Compute similarity. For each word in our prompt, see if it is important to the first word, by computing similarity in an "importance" vector space. Compute $\langle Kw_1, Kw_1\rangle, \langle Kw_2, Kw_1 \rangle, \langle Kw_3, Kw_1 \rangle$.
Weighted sum. If it matches, add that word to our output word, $\tilde{w_1} = \langle Kw_1, Kw_1 \rangle w_1 + \langle Kw_2, Kw_1 \rangle w_2 + \langle Kw_3, Kw_1 \rangle w_3$.
Run on all inputs. We repeat for every target word in our prompt, obtaining a set of contextualized words $\tilde{w_1}, \tilde{w_2} ... \tilde{w_n}$

The key idea is that importance and similarity are two different ideas; formally, we introduce a vector space $K$, where similarity is importance. However, as we'll discuss next, importance is not a two-way street.

4. Importance is asymmetric.

Importance between words is asymmetric.

Say we have the word "cooler". To understand what this word means, we need context, as it may refer to a container to keep food cool, may describe a low temperature, or indicate one person is more attractive than another.
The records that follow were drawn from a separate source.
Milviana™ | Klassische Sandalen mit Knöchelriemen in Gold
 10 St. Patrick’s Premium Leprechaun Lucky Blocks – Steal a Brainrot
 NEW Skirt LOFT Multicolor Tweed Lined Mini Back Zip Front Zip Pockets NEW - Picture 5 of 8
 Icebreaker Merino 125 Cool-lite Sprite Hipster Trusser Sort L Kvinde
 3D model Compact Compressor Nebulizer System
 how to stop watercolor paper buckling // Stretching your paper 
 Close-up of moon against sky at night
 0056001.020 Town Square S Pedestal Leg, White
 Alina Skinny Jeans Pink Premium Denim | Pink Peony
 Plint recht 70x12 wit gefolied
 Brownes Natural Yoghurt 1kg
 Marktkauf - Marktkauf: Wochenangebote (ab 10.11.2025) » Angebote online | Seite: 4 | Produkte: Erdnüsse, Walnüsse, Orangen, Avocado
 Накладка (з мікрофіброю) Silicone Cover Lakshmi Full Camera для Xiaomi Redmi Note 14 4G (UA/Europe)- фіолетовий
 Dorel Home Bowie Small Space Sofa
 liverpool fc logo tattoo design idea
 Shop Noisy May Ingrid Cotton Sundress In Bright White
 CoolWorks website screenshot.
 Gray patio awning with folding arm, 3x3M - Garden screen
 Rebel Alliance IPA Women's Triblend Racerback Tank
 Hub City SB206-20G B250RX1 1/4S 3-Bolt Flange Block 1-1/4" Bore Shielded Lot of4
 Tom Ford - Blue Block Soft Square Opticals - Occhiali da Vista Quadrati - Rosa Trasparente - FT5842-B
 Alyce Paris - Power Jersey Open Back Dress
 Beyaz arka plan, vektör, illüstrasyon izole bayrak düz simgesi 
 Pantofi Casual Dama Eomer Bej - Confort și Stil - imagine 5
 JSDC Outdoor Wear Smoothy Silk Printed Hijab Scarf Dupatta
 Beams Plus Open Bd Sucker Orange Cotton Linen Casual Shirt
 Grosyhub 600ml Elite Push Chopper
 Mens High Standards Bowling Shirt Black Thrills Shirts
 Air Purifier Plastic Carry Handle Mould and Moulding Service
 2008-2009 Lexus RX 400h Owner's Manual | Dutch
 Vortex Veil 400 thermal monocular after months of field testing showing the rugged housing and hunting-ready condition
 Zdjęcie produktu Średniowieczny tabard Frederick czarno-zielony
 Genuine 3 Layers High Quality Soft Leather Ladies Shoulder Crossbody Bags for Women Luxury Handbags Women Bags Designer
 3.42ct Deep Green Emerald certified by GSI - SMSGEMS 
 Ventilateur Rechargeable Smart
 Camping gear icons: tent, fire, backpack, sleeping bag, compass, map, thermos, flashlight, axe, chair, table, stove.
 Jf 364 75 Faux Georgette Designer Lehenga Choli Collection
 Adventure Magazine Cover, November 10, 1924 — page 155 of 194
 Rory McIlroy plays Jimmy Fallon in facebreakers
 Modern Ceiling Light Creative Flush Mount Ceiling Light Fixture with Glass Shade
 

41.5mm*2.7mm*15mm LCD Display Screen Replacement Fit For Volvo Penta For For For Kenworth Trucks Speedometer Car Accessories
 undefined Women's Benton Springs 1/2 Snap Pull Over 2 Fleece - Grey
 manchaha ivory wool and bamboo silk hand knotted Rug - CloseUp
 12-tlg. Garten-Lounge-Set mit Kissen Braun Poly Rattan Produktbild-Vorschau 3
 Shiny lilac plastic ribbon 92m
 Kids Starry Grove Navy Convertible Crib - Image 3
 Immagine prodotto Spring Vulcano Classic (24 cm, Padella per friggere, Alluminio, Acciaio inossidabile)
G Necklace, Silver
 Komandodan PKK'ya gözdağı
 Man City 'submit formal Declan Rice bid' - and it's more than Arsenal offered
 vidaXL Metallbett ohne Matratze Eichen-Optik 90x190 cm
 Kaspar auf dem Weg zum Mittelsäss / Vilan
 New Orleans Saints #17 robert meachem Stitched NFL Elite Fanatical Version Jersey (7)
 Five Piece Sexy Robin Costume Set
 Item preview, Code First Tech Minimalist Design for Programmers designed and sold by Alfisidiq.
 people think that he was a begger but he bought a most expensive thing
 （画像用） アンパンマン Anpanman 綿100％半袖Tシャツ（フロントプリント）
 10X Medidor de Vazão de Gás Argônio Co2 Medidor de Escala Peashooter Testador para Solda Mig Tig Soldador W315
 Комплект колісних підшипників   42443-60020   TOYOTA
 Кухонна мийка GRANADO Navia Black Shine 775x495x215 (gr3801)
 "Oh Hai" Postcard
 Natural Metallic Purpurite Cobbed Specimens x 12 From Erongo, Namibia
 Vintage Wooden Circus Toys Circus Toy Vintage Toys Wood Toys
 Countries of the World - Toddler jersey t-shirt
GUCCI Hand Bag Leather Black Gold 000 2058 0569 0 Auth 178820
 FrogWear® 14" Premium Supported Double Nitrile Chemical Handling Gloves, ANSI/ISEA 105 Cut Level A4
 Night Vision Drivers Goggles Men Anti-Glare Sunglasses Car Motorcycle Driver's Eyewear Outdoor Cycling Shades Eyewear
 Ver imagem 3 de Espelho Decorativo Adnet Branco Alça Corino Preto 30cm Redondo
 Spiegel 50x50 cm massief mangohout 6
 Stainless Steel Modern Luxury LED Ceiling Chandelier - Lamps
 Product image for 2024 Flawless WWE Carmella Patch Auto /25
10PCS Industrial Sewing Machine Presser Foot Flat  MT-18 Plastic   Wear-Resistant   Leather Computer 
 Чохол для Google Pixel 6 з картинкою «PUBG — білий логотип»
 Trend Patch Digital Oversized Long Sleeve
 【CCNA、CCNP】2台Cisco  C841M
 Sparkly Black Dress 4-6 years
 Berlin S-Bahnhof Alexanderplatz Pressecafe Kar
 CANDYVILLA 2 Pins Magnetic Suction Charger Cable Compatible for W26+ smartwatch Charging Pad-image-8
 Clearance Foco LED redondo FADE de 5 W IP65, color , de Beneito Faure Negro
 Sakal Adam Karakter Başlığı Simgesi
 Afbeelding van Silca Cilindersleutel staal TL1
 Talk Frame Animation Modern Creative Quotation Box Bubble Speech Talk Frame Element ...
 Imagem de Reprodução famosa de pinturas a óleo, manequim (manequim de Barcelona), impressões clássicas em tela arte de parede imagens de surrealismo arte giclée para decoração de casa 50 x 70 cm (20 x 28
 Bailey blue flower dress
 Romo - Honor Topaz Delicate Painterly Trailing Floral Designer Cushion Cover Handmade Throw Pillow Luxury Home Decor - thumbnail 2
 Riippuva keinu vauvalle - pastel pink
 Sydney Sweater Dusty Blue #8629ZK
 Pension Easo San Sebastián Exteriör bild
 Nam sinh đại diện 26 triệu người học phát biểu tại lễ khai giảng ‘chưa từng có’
However, if we write, "groceries in cooler," we immediately understand what "cooler" means. In this sense, the word "groceries" is very important for understanding "cooler".

The opposite is not true, however. The word "groceries" is meaningful on its own, and the word "cooler" doesn't change its meaning. Knowing that, the word "cooler" isn't very important to the word "groceries".

Knowing this, we modify our pipeline once more. Instead of using one vector space to represent importance generally, we define two vector spaces to represent asymmetric importance: one vector space for the target word and another vector space for the context word. If word A is important for understanding word B, context A will be highly similar to target B.

We'll name the two matrices that transform a word into these spaces $Q$, for "query" target word and $K$ for "key" context word.

Compute similarity. For each word in our prompt, see if it is important for the first word, by computing similarity in an "importance" vector space. Compute $\langle Kw_1, Qw_1\rangle, \langle Kw_2, Qw_1 \rangle, \langle Kw_3, Qw_1 \rangle$.
Weighted sum. If it matches, add that word to our output word, $\tilde{w_1} = \langle Kw_1, Qw_1 \rangle w_1 + \langle Kw_2, Qw_1 \rangle w_2 + \langle Kw_3, Qw_1 \rangle w_3$.
Run on all inputs. We repeat for every target word in our prompt, obtaining a set of contextualized words $\tilde{w_1}, \tilde{w_2} ... \tilde{w_n}$

The key idea is to introduce two vector spaces, one $Q$ or "query" and the other $K$ or "key"; similarity tells us how important a key is for understanding a query.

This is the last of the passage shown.